• Exercise goal
From the first line to the last, restate the records word for word, skipping the pictures.

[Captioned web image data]
:::::

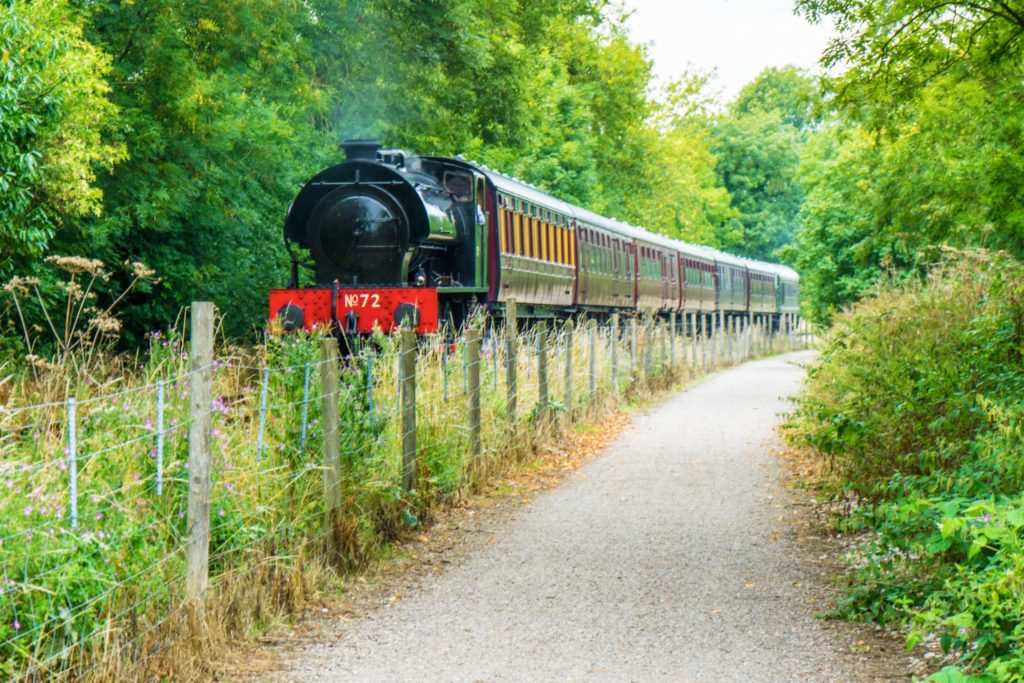 Peak Rail Lets Go Peak District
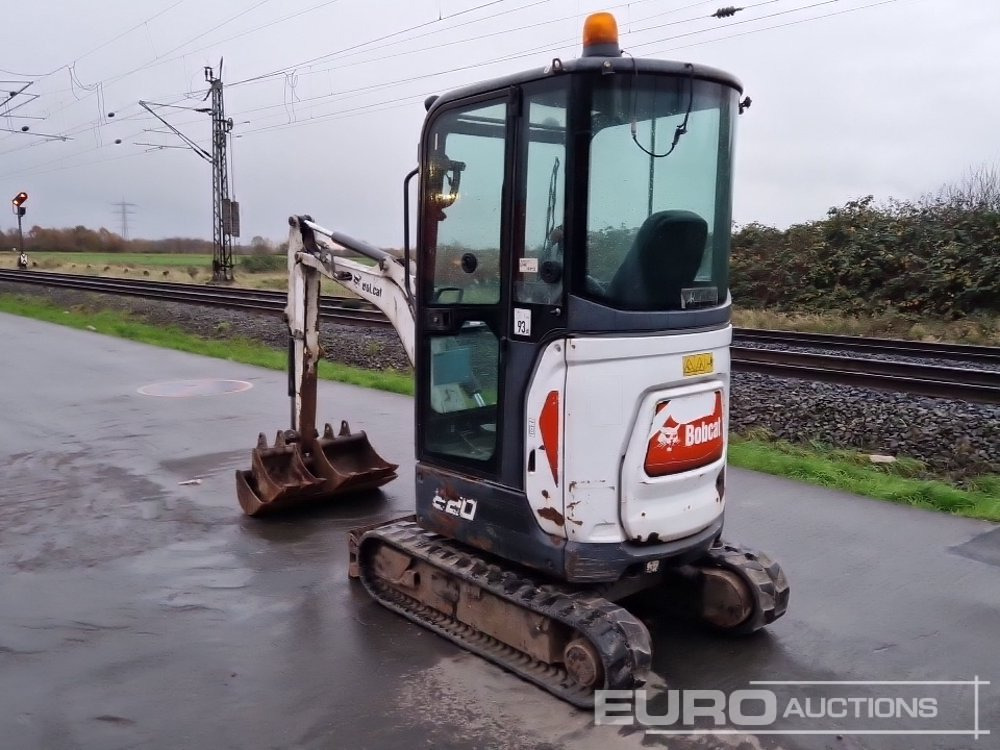 2018 Bobcat E20 - Miniexcavadora: foto 3 2018 Bobcat E20 - Miniexcavadora: foto 3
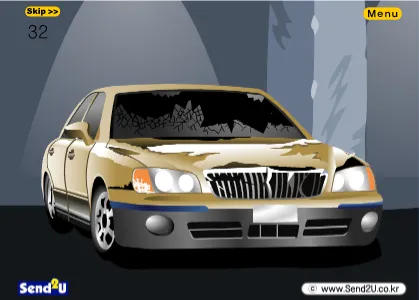 Send2U 자동차 부수기 게임하기 썸네일
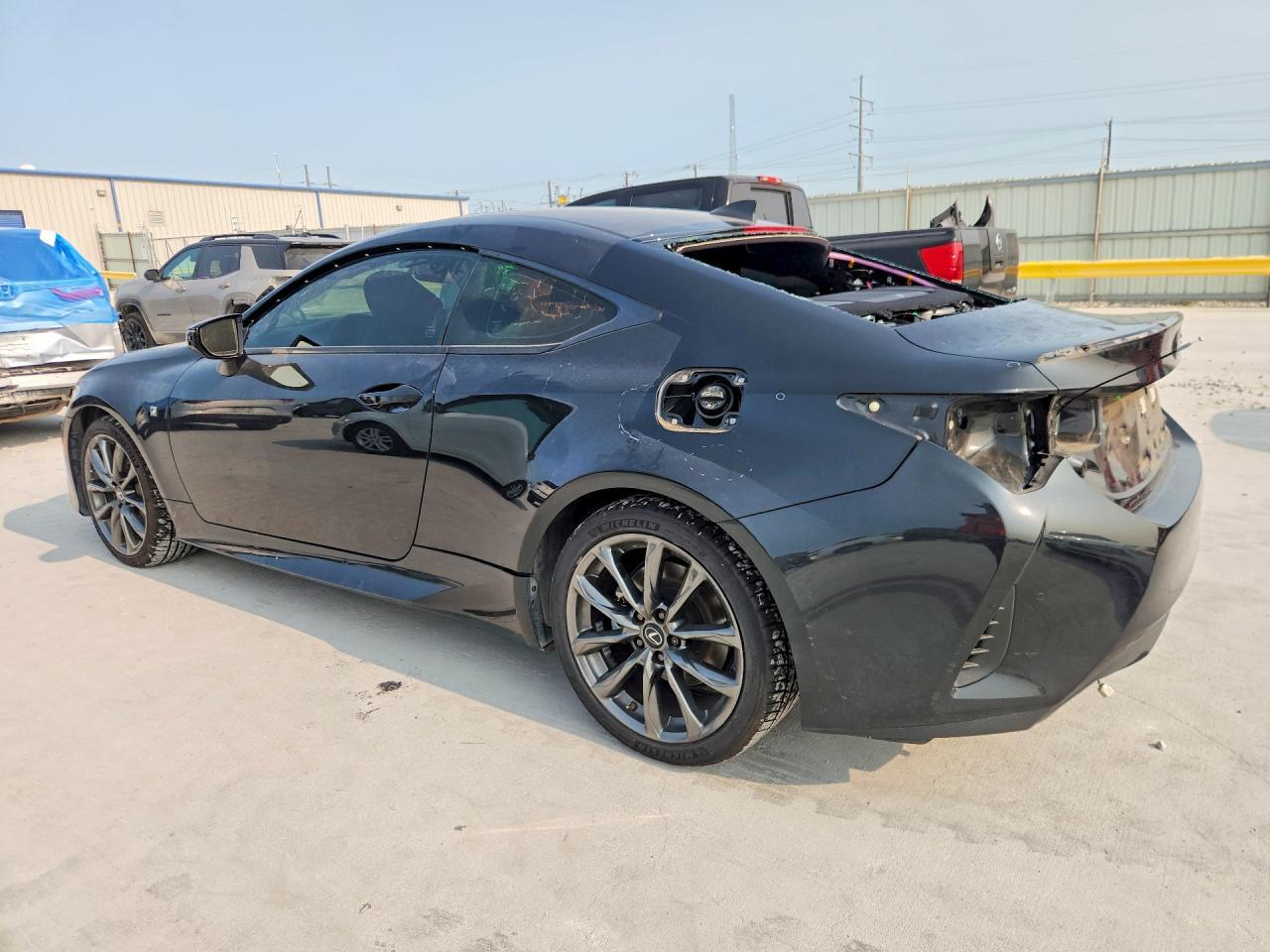 2022 Lexus Rc 350 F Sport - zdjęcie 2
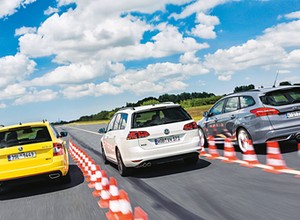 Focus ST, Octavia RS, Golf GTD - Wy pytacie, my odpowiadamy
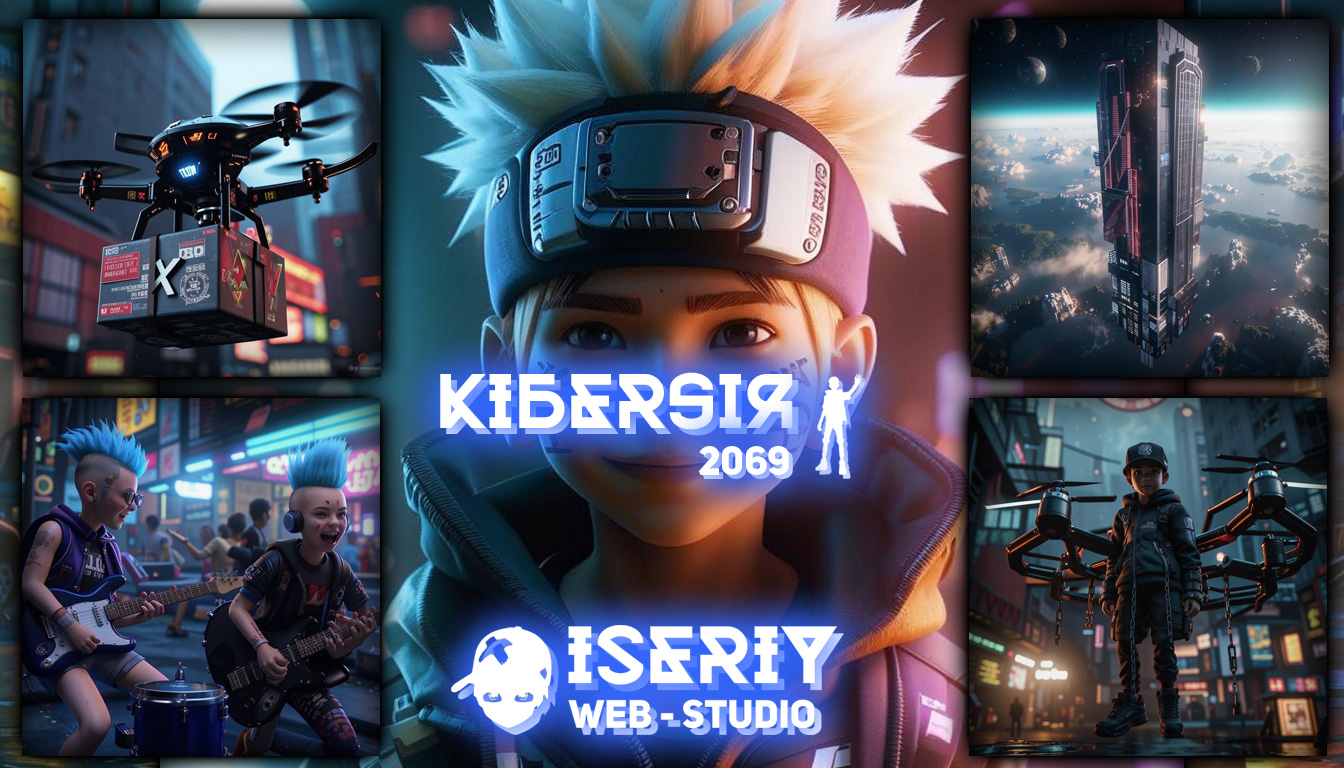 Iseriy Серёга Няшкин Киберсия 2069 ruDALL-E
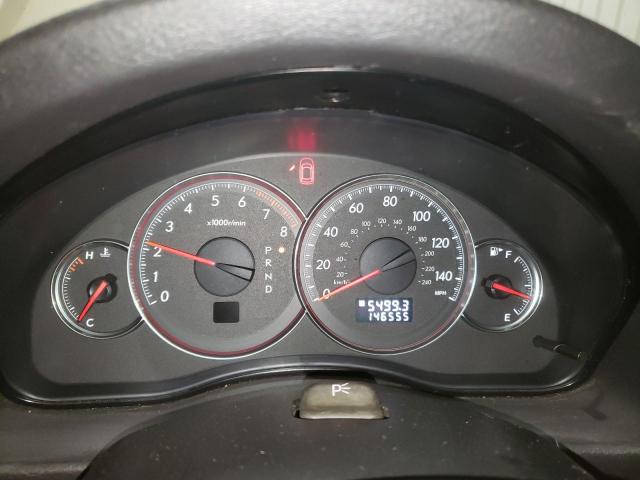 Photo 9 from auction – 2008 SUBARU OUTBACK 2. with VIN 4S4BP62C687365876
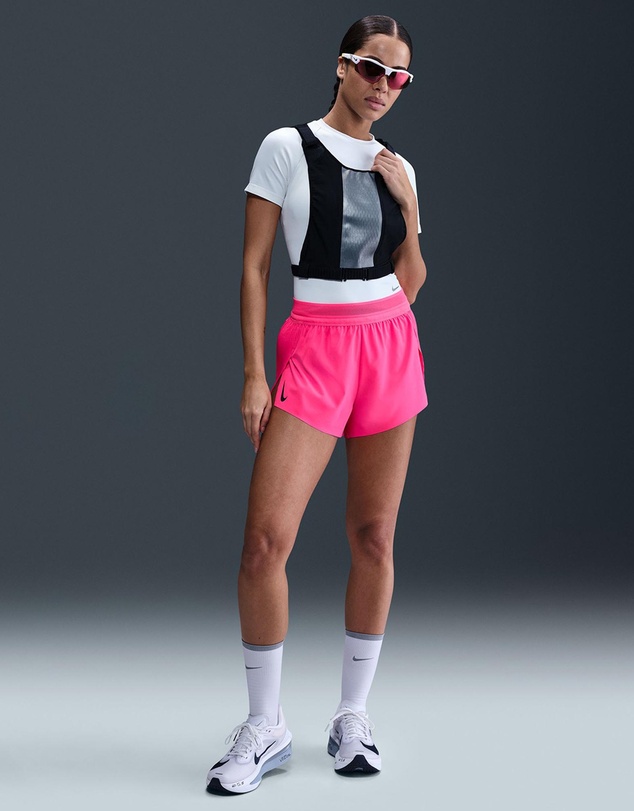 Nike - AeroSwift Dri-FIT ADV Mid-Rise 3in Brief-Lined Running Shorts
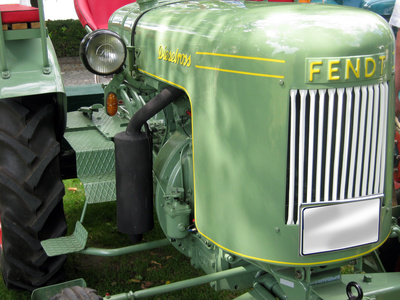 Traktor "Fendt Dieselross"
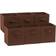 Amazon Basics Collapsible Brown Storage Box 6pcs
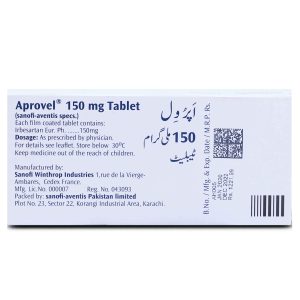 Aprovel 150mg Tablet 14 ‘S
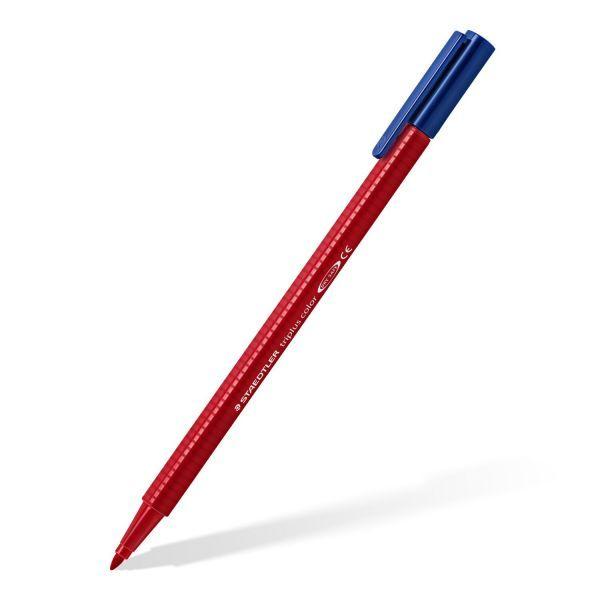 Marcadores de Ponta Fina STAEDTLER Triplus Color 323 C10 TA (Cores sortidas), miniatura 2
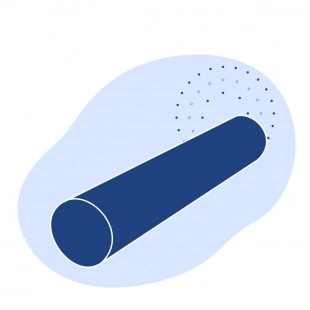 Труба стальная 114х5 мм Ст40Х горячекатаная ГОСТ 8732-78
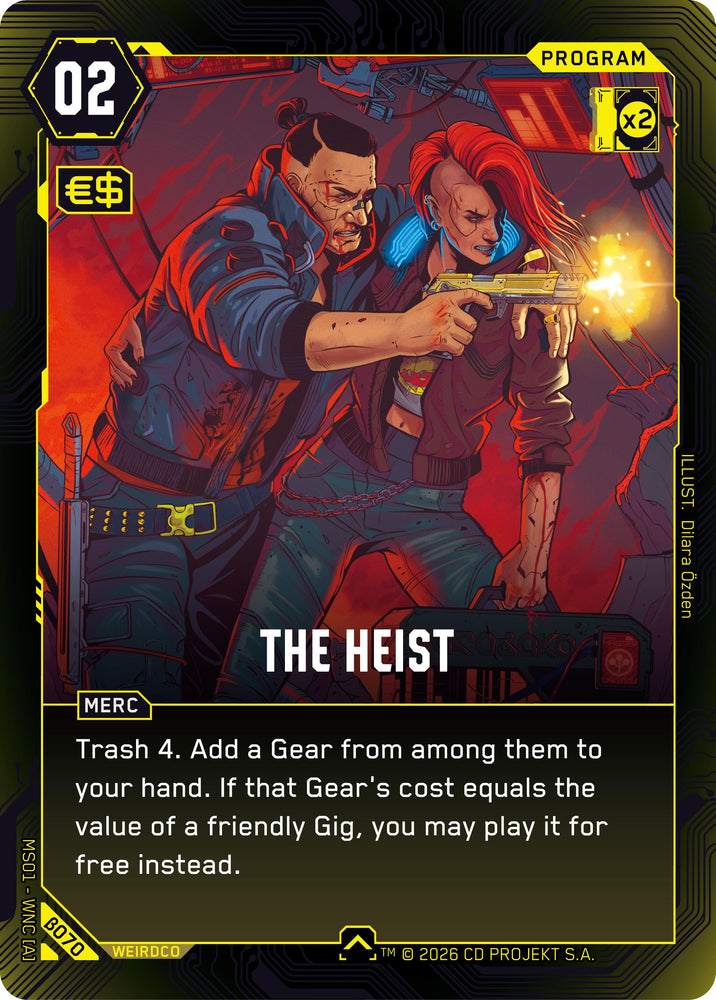 The Heist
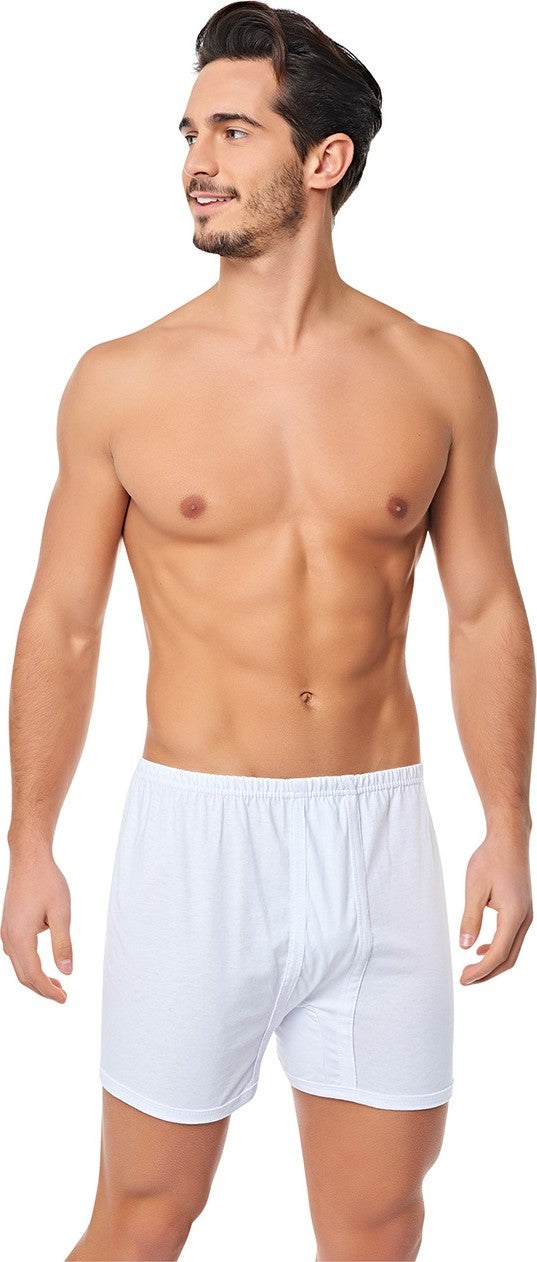 Seher Yıldızı Morning Star Combed Cotton Argentina Men's Long Johns 6 Pack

:::::

• Written solution
 Peak Rail Lets Go Peak District
 2018 Bobcat E20 - Miniexcavadora: foto 3 2018 Bobcat E20 - Miniexcavadora: foto 3
 Send2U 자동차 부수기 게임하기 썸네일
 2022 Lexus Rc 350 F Sport - zdjęcie 2
 Focus ST, Octavia RS, Golf GTD - Wy pytacie, my odpowiadamy
 Iseriy Серёга Няшкин Киберсия 2069 ruDALL-E
 Photo 9 from auction – 2008 SUBARU OUTBACK 2. with VIN 4S4BP62C687365876
 Nike - AeroSwift Dri-FIT ADV Mid-Rise 3in Brief-Lined Running Shorts
 Traktor "Fendt Dieselross"
 Amazon Basics Collapsible Brown Storage Box 6pcs
 Aprovel 150mg Tablet 14 ‘S
 Marcadores de Ponta Fina STAEDTLER Triplus Color 323 C10 TA (Cores sortidas), miniatura 2
 Труба стальная 114х5 мм Ст40Х горячекатаная ГОСТ 8732-78
 The Heist
 Seher Yıldızı Morning Star Combed Cotton Argentina Men's Long Johns 6 Pack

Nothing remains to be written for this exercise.